ECC memory catches and corrects certain kinds of errors before they become a problem. The downside is that it’s expensive and power hungry. But if you need reliability, then Google’s study proves that it’s absolutely positively worth it. For testers on desktop systems, ECC memory could be a valuable addition.
Good hardware is critical.
Another outcome of the study is that memory failures are correlated with motherboard types. That means that some motherboards are more likely to cause a failure than others. Why that’s true remains uncertain, but it’s likely related to internal electromagnetic interference. Determining the most stable motherboard to use for software testing is pretty tough at this point, but the best advice is to pay very close attention to reviews and reports about system uptime and performance for each brand under consideration.

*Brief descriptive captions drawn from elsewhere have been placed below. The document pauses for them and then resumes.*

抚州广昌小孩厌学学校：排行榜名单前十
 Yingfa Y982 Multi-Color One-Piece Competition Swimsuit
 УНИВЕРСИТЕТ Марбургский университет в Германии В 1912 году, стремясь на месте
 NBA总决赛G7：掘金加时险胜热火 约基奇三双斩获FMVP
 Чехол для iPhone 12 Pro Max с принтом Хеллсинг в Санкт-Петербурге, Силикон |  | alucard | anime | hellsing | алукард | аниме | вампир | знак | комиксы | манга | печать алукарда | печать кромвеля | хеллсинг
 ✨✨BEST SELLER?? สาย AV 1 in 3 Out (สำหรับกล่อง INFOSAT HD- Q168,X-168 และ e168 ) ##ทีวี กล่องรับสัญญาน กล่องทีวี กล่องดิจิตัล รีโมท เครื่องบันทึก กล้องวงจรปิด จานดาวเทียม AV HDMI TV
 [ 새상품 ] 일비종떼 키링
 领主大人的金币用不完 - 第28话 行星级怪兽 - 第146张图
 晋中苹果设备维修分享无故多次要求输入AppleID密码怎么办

For laptops and mobile devices, your work may be even harder because vendors will change hardware suppliers at the drop of a hat. Look at the stability of the device as a whole, and be wary of devices with a large number of reported failures.
Reproduce, reproduce, reproduce.
With a study like this, it’s now even more important for testers to try to reproduce bugs they identify. A one time failure or event is less valuable than something that happens over and over again. For intermittent bugs, that means taking good notes about the crashes and failures you experience and then looking for trends and patterns.
What else?
I am very interested in learning what the community thinks. In many ways, this information changes very little because we’ve lived with this problem all along. On the other hand, it creates a new wrinkle in the world of software testing and reliability when it comes to tracking down the root cause of a problem. What do you think?








would be ineteresting to know where these failing components were manufactured .. am betting overseas so I can rant about the evils of outsourcing/off-shoring
This is where the hardware guys stepup and do burn ins of new equipment. And where dev teams step up and do real load testing on systems, especially when changes are made to the underlying infrastructure. And speaking of changes, this is where companies have a good change management program and IT groups are communicating with each other.